Find out more about how CSIRO is helping to bring the Square Kilometre Array to life.

9 comments

  1. Very interesting article! As an IT professional, Mia’s job is the kind of work I would have loved to do rather than the commercial & business applications I had continuously done in the last 40 years.
    Kudos to Mia’s curiosity and diligence and her yearning to create and discover. I’m excited and can’t wait!!
    Keep it up!!

  2. I really loved working on things like this! There’s a lot of free and open source software if anyone wants to get back into hardware development.

  3. Lost me with a BS caption “working on software” when that’s a printed circuit layout on the middle monitor and a schematic on the left. Nothing to do with firmware. When will PR spin doctors learn that accuracy counts? And BTW, you don’t normally touch type on PCB layouts, you use the mouse.

    1. Hi David,

      Like the first image/caption, the caption you’re referring to is a stand-alone sentence related to Mia’s work, not to the image/scene itself.

      Regards,
      Jesse

      1. A caption that’s unrelated to the picture it, ehr, captions? Sounds like something out of the White House.

        Guys, it’s a really nice story. I love the SKA and seeing bright young people working on it. But inaccuracies introduced by the PR department can be damaging. Maybe not in this case, but where do you draw the line between acceptable and unacceptable inaccuracies? When will an inaccuracy give a gainsayer ammunition? I bet if you had gone back to Ms Baquiran she would have corrected you. I expect she does hardware /and/ software, so the caption could have been:

        “Our research engineer Mia Baquiran is working on the hardware and software that will create a view of the sky using the SKA Low radio telescope.”
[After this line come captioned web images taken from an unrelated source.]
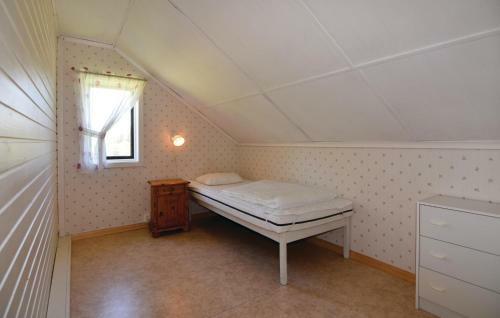 Six-bedroom Holiday Home In Hogsater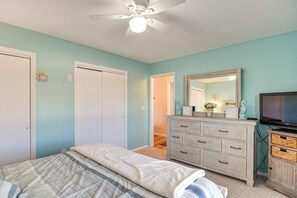 House (2 Bedrooms) | Interior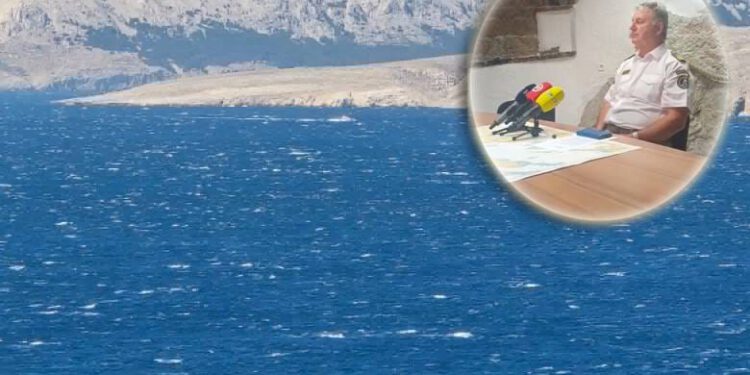 Uključena su plovila policije, poslijepodne ponovno stiže i avion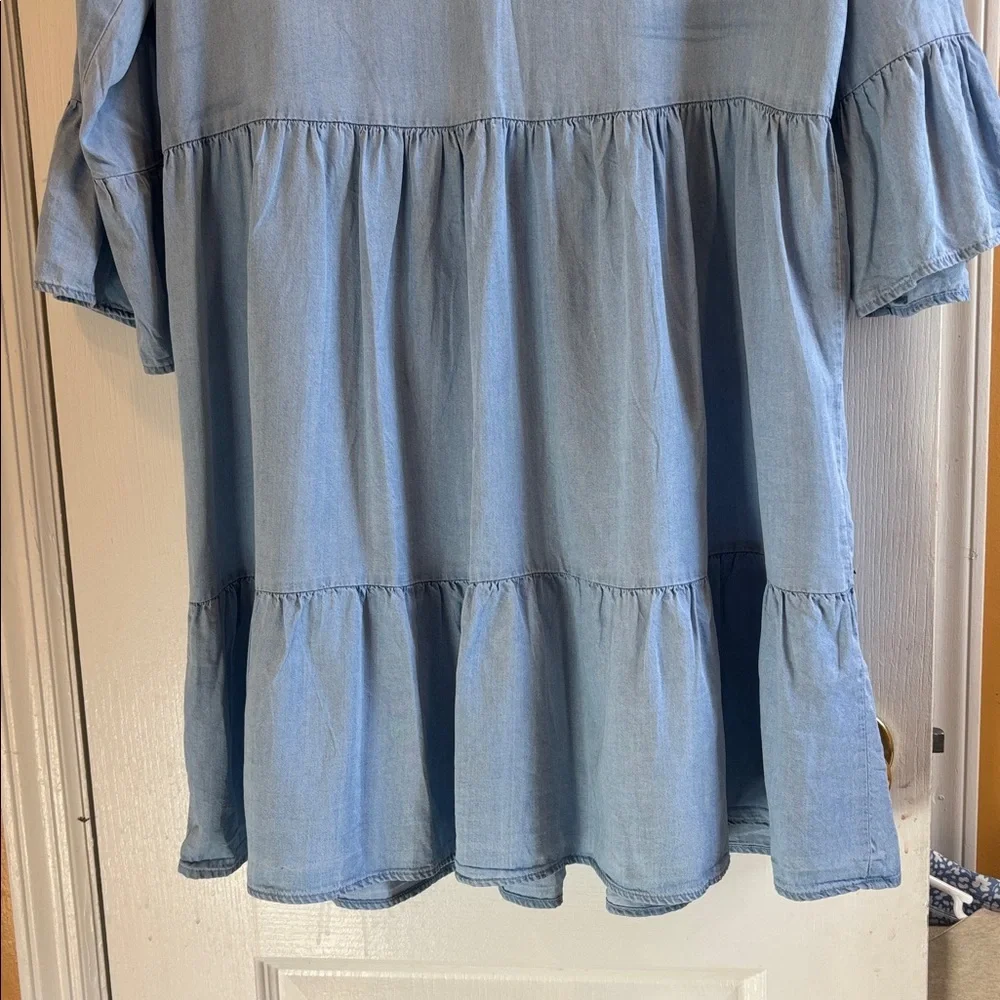 AMISU LIGHT BLUE DENIM DRESS TWO TIERED V NECK 3/4β BELL SLEEVES BOTTOM RUFFLE - Picture 4 of 16
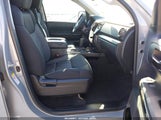 Toyota Tundra Sr5 5.7L V8 5TFEY5F14KX251223 fotografie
    2. Mr. Stonier-Gibson,

      Such an obnoxious comment of yours. Way to pick at a minor detail you misinterpreted rather than enjoying the main story.

      Regards,
      David

      1. David, I have a strong dislike of inaccuracies in technical reporting. It is akin to the ignorance of technology and science shown by politicians or climate change denialists. Technical/science reporting should be impeccably accurate, just as science itself should be rigorous. How can our children, or politicians, understand the truth if they get confused by confusing reporting?

      2. David Gedymin I have to agree with David Stonier-Gibson. While it is a minor point, it gives the detractors of science an excuse to attack the rest of the article. In the current climate with some significant anti science advocates in government, in Australia, the US and elsewhere in the world we have to be exceedingly vigilant about anything which can detract from the value of the science. As a CSIRO scientist myself in the past, I always cringed whenever science was reported with obvious inaccuracies and inconsistencies. It is bad enough when it appears in the general press, but when it appears in a CSIRO publication/blog it can have a cumulative damaging effect on credibility.

        That said otherwise the artile was great and the work being done is fantastic!

  4. Brilliant.
    Fabulous.
    Can’t wait.
    #skaNOVEL
    Indeed – I’m so excited that I wrote a drama novel “A Trojan Affair – The SKA at Carnarvon”… and the SKA organization love it. The Department of Science have already bought 300 books they distribute to give people insight into the project.